I’ve been sitting on this for, well, yonks.
It’s a (very) unfinished first draft of a Gallo-Brittonic grammar sketch. It started life as a simple table of inflectional endings, a simple aide-memoire for my personal use when composing texts in Gallo-Brittonic (what? You didn’t think I kept all that stuff in my head, did you?), and then I started expanding it a little, adding in notes on sources. Then I started writing accompanying text, with a view to eventually publishing it.
It’s still very rough, and there are some significant holes. There’s syntax section to speak of, simply a guide to case usage. Similarly, there’s no real phonology section, as descriptions of the reconstructed phonology are easy enough to come by. Additionally, reflecting its origin as a set of notes for my own use, it’s probably rather impenetrable in places to the non-specialist.

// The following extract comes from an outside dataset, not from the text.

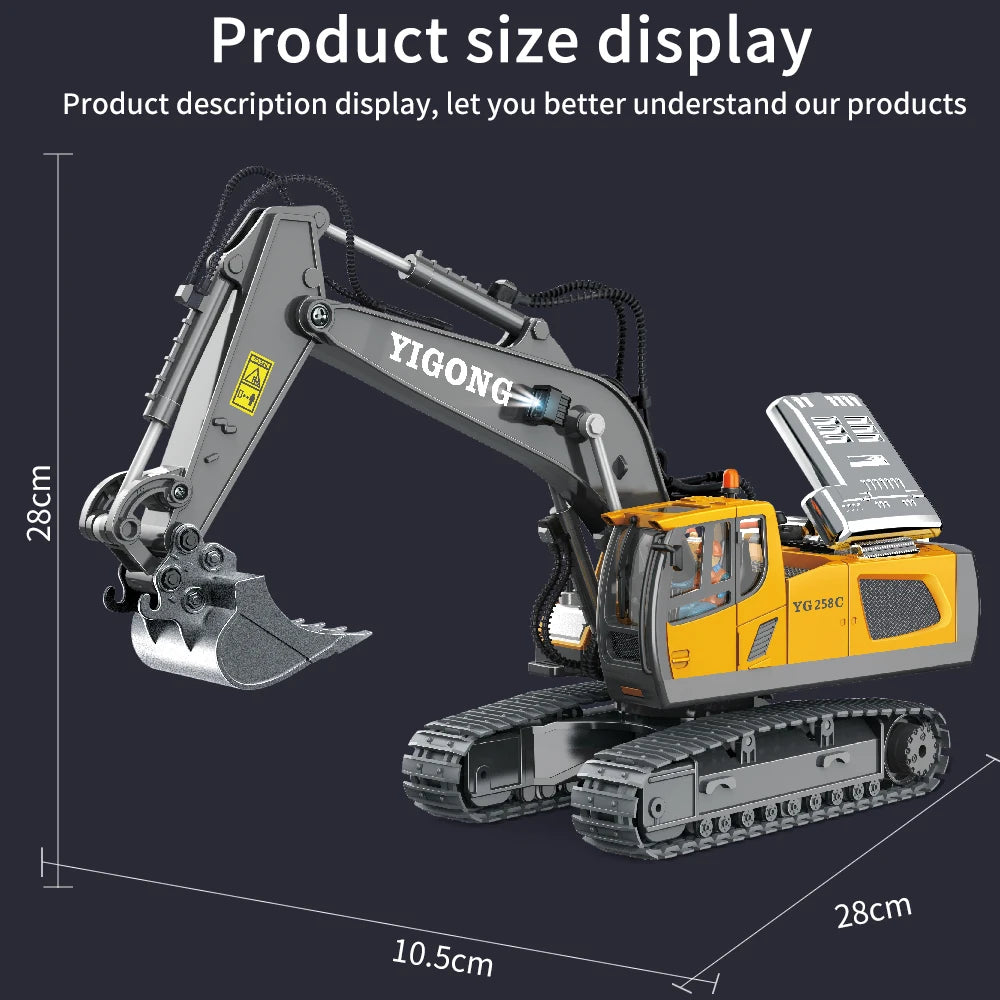 2.4GHz RC Construction Vehicle Series – Excavator, Dump Truck & Bulldozer (Simulated Alloy Models)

Nevertheless, I thought it might be of some amusement to those who fancy “following along at home,” as it were, when I post something in Gallo-Brittonic. To that end, there is an accompanying lexicon, drawn primarily from Matasović’s Etymological Dictionary of Proto-Celtic, but with additional words taken from Delamarre’s Dictionnaire de la langue gauloise and a few other sources.
Who knows, one day I might actually get this finished. I have a horrible habit of beginning projects and not bringing them to completion: there’s about half an essay on domestic sacrifice waiting to be finished, as well as an essay on the gods, and another on ritual purity. Ah, for the time and the self-motivation to actually get something finished.